The law of supply says that as prices rise suppliers will produce more of it
The law of demand says that as the prices rise the consumer will demand less of it.
What this means is high prices are always working to produce lower prices. Conversely, low prices increase demand while at the same time discouraging increased production. Today’s price level is always working to create the opposite. The easy conclusion to draw here is to buy low and sell high. (like anybody can time the market like that) To make a profit you must learn to move in the opposite direction of the current market situation.
An example of this would be the feeder market. A couple months ago, peeps could not buy enough six to nine weight cattle. They HAD to have them because the “smart” people were talking about how small the cow herd is and how tight supply will be. Then bang, we find out placements are way high right now because of the cattle that left the drought regions of the U.S. These guys bought up as many cattle they could at inflated prices because they were told supply would be tight and they thought the price of fats would go higher. Betting on the come is gambling. Now these guys are scurrying around wondering about what they should do. I bet they are the same guys that shorted the cattle market last fall and got hit with huge margin calls. (that is the type of bet I make) So the example of going against the current situation, is I was the guy selling the six and seven weight cattle. Knowledge and marketing skill is what makes me profitable.

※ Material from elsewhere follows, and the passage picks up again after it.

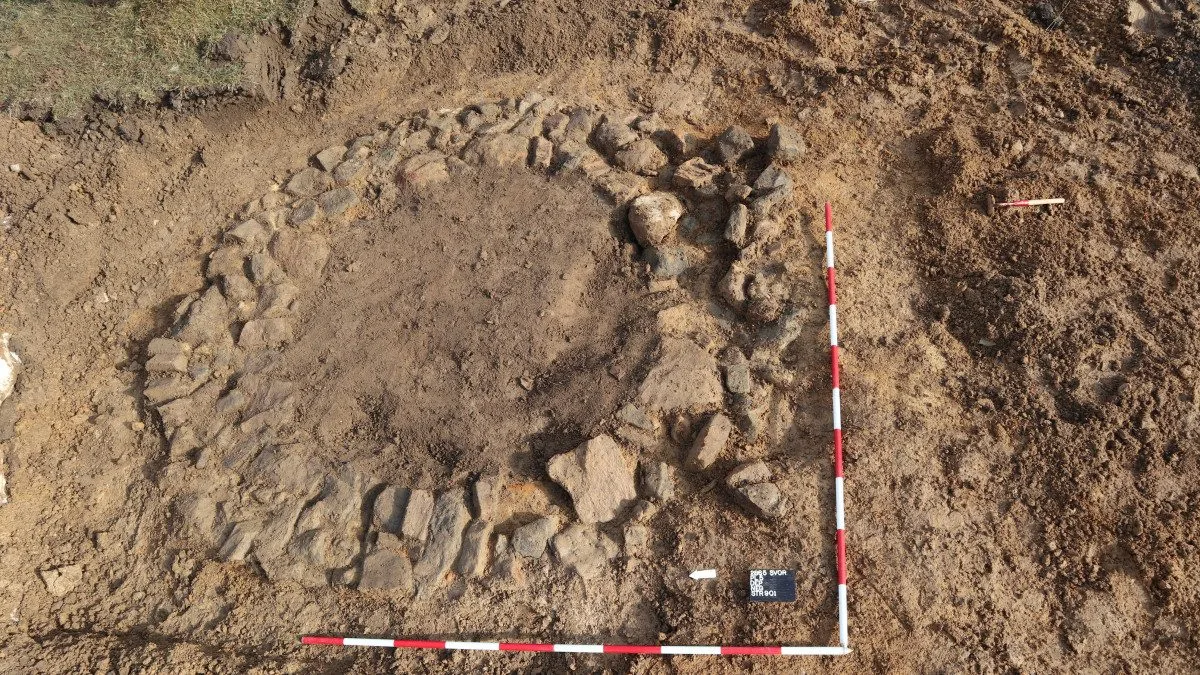 Na nově budovaném obchvatu Svoru našli archeologové vlčí jámu, tedy past na vlky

So what can you learn from all this? Supply should not be confused with availability. The word supply is commonly used to mean the long term amount. So we can have the second largest supply of placements in history, (which was reported by the “smart” people but a look back into history will show a number of years of higher placements) but that does no good to us if they are all five weights. Available supply is the amount that is readily obtainable. The confusion surrounding supply is what can lead to “pipeline shortages”, and people are often tricked into long term decisions based on short term price rises. This is why cattle on feed reports are totally meaningless. People with the proper marketing skills know this.
In a long production cycle such as the cattle biz we have a confusing act to deal with called “lag”. An example of lag, is in order to produce more beef we must first produce less by withholding heifers from harvest. Or to produce less beef we must first produce more by sending cows to harvest. As I stated earlier we are always creating our opposite.
The price that currently exists for any commodity will not be the price that will exist tomorrow. So any profit that is obtained through increased production will be temporary, if it is achieved through an increase in underlying fixed costs. The result is the inevitable cost-price squeeze.